• _What you are asked to do_
Set down the data below in full, exactly as it reads, but without the pictures.
Data supplied START
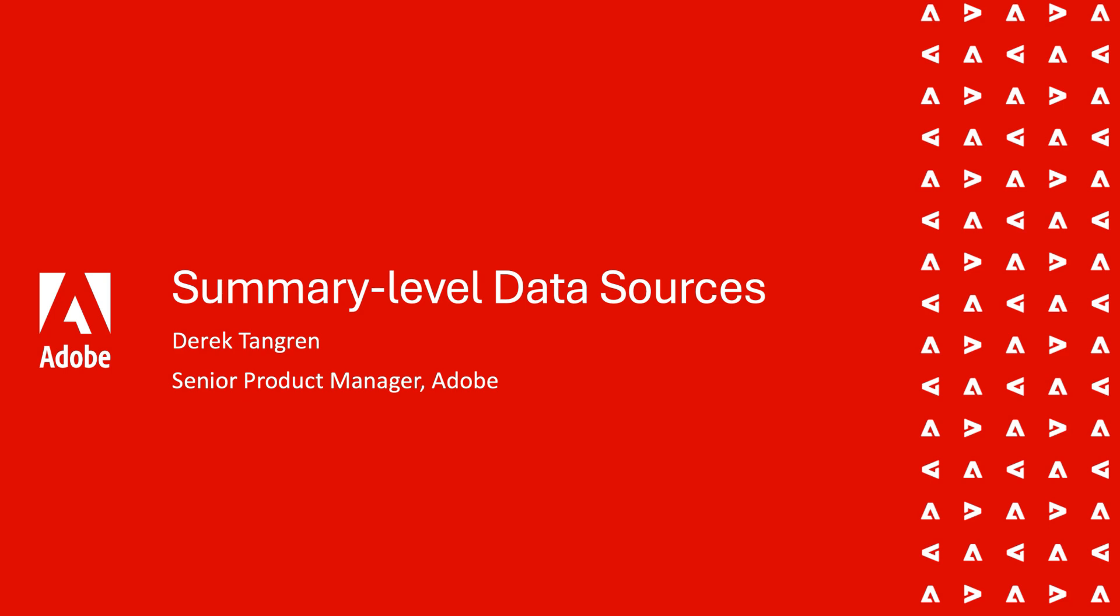Hi, this is Derek Tangren. I'm a senior product manager at Adobe and I'm excited to talk about customer journey analytics support for summary level data.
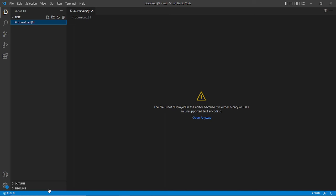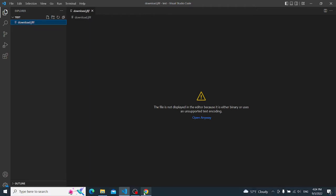There's a common problem when people download images from the internet - they don't open because the file name is not recognized by Visual Studio Code. I have a file here to demonstrate this.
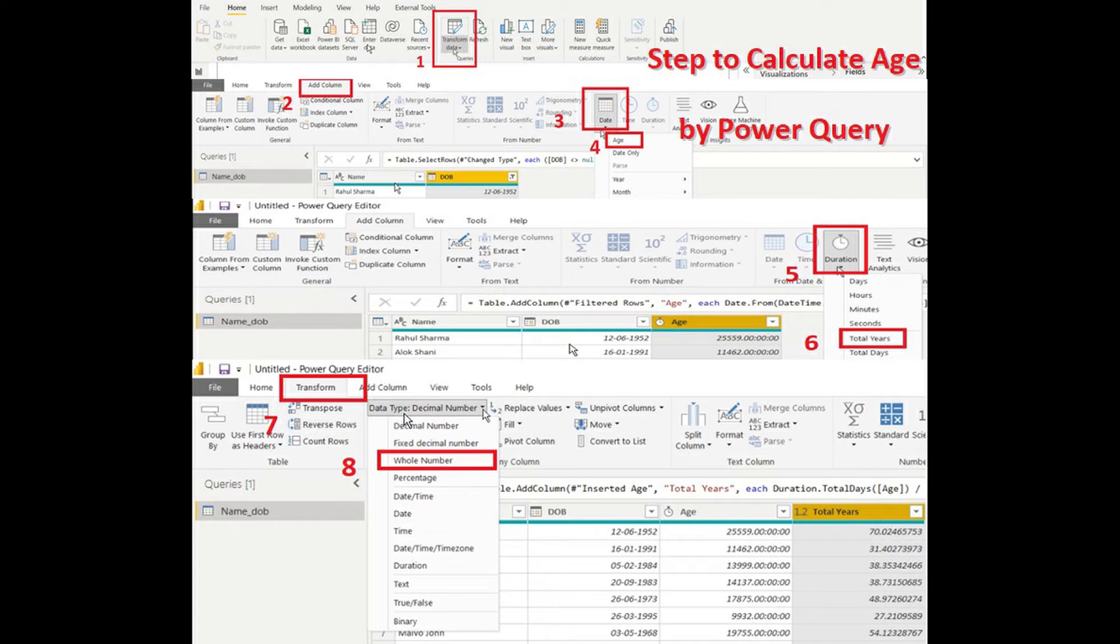To format the data, click transform ribbon, next whole number. By following the above steps, we can calculate the age through Power Query.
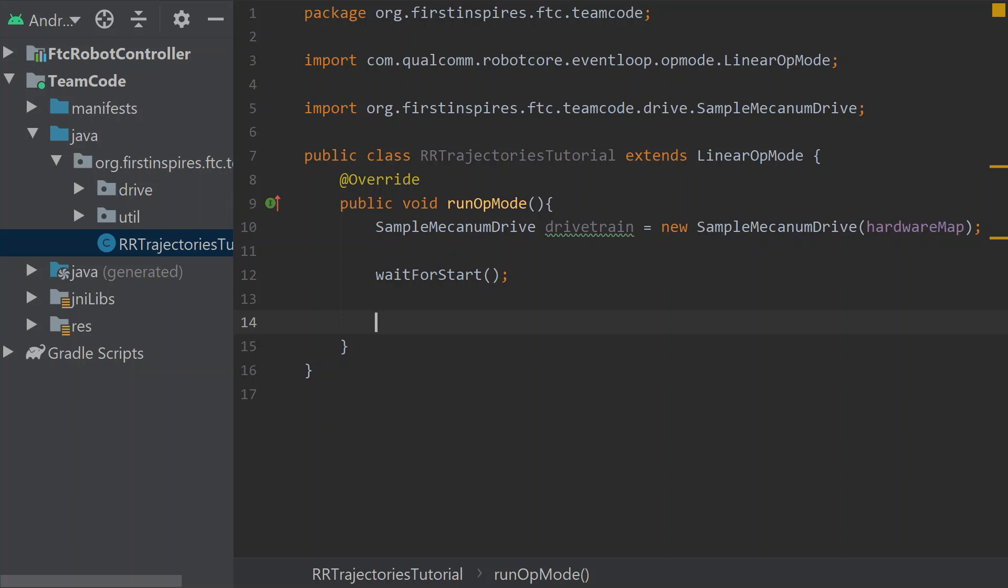If we think about Skystone, if you're moving positive in the X direction, you're moving into the building zone. If you're moving in the X direction negative, you're moving into the loading zone. And then the Y positive would be the red side of the field, and the Y negative would be the blue side of the field.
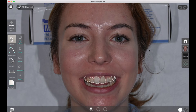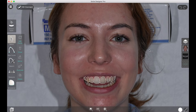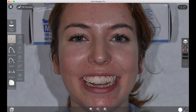Hi everybody, this is Gil with Smile Designer Pro. Today we're going to cover a supplementary tutorial on the new feature introduced in Smile Designer 2.1. If you haven't already watched our introductory webinar, we recommend you start with that first to get an overview of all the features. Today we're going to cover a special feature in our simulation tool which allows you to use the patient's own tooth color as a source for simulation.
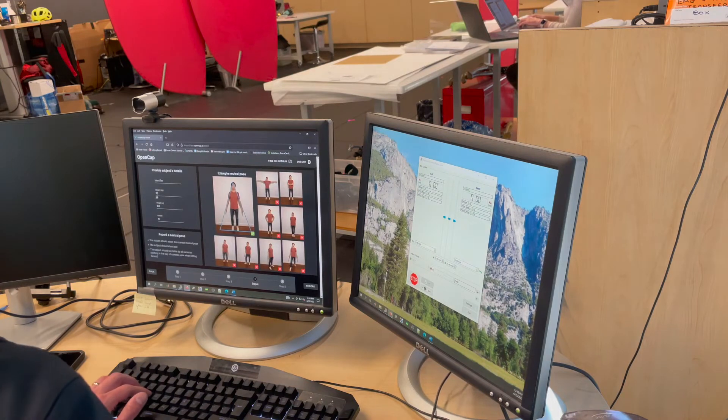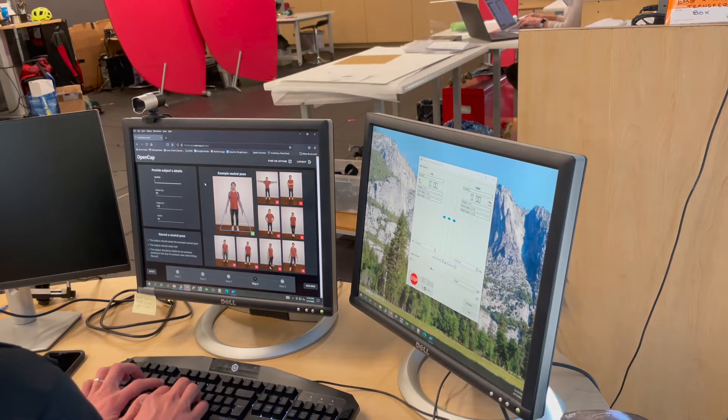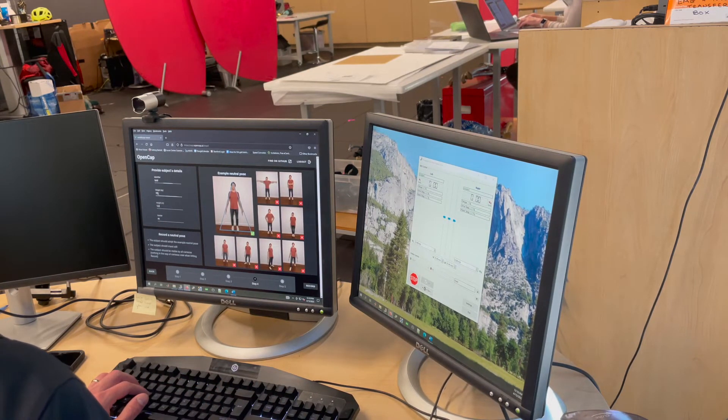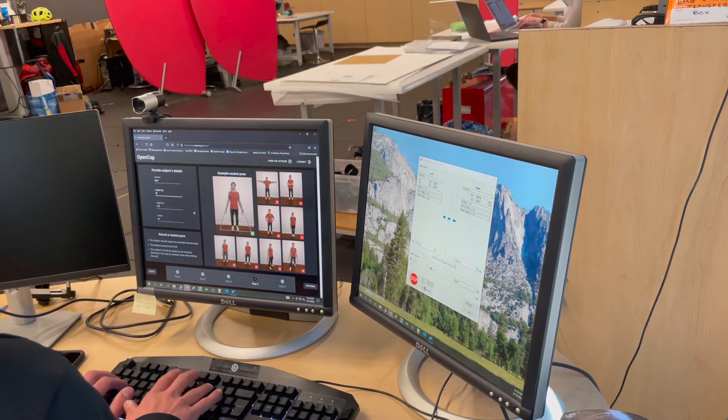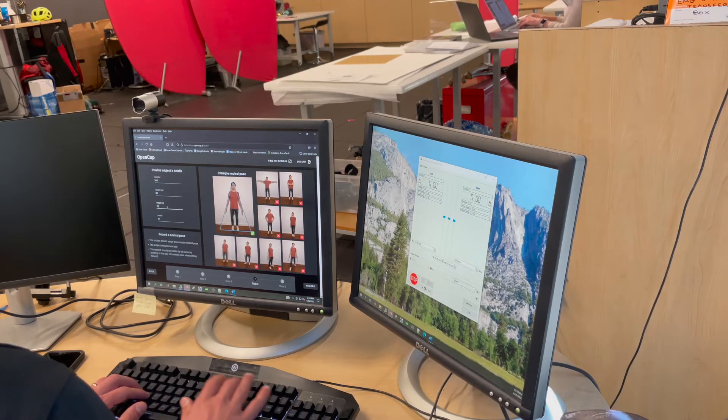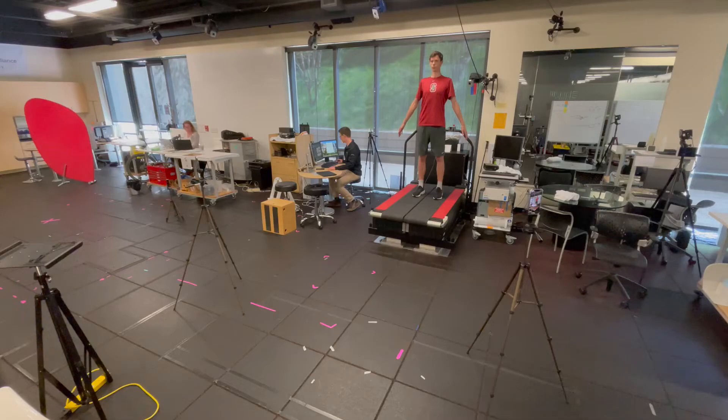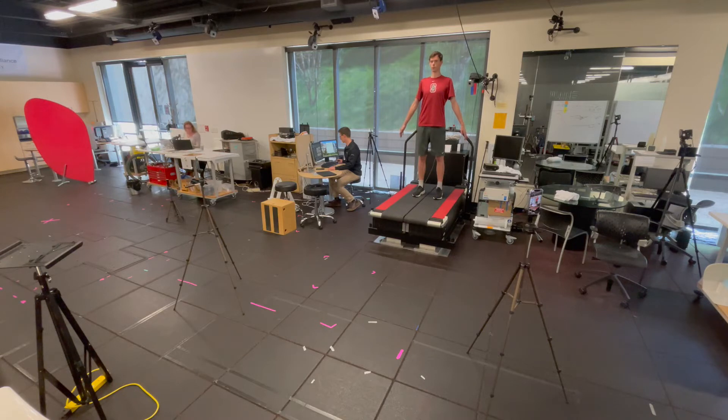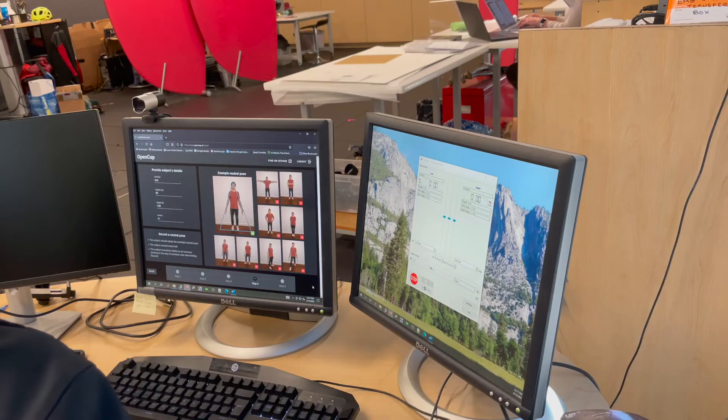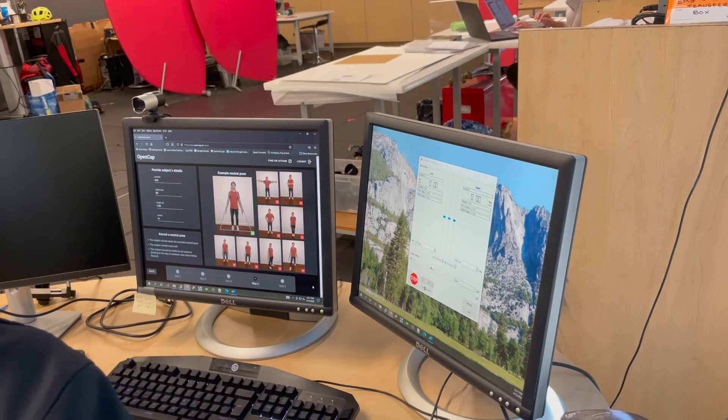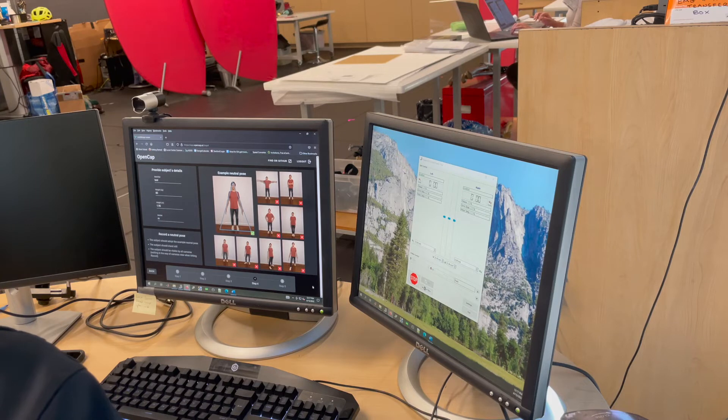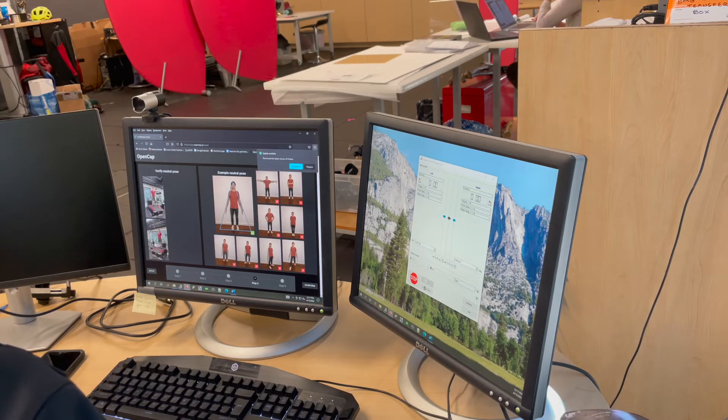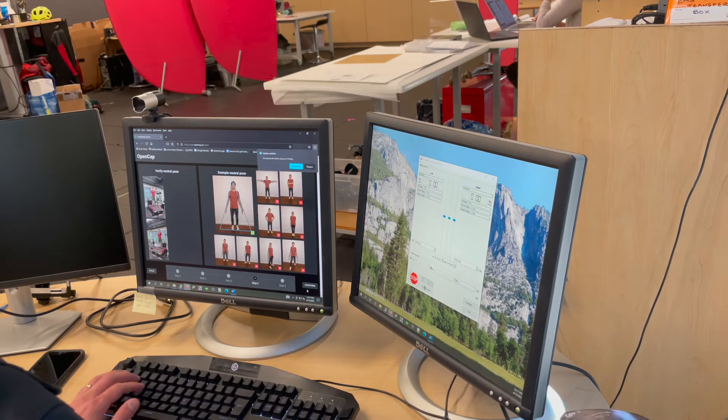Enter the participant identifier that is preferably not their name as well as their height and weight, and instruct the participant to stand in the neutral pose within the field of view of both cameras, with their toes pointed forward and their arms slightly out to the side. Click record and OpenCap will record a two second video of them in this pose. You will be shown their images to confirm the field of view of the cameras and you can then move on to collect data.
Data supplied END
• _Your response_
Hi, this is Derek Tangren. I'm a senior product manager at Adobe and I'm excited to talk about customer journey analytics support for summary level data.
There's a common problem when people download images from the internet - they don't open because the file name is not recognized by Visual Studio Code. I have a file here to demonstrate this.
To format the data, click transform ribbon, next whole number. By following the above steps, we can calculate the age through Power Query.
If we think about Skystone, if you're moving positive in the X direction, you're moving into the building zone. If you're moving in the X direction negative, you're moving into the loading zone. And then the Y positive would be the red side of the field, and the Y negative would be the blue side of the field.
Hi everybody, this is Gil with Smile Designer Pro. Today we're going to cover a supplementary tutorial on the new feature introduced in Smile Designer 2.1. If you haven't already watched our introductory webinar, we recommend you start with that first to get an overview of all the features. Today we're going to cover a special feature in our simulation tool which allows you to use the patient's own tooth color as a source for simulation.
Enter the participant identifier that is preferably not their name as well as their height and weight, and instruct the participant to stand in the neutral pose within the field of view of both cameras, with their toes pointed forward and their arms slightly out to the side. Click record and OpenCap will record a two second video of them in this pose. You will be shown their images to confirm the field of view of the cameras and you can then move on to collect data.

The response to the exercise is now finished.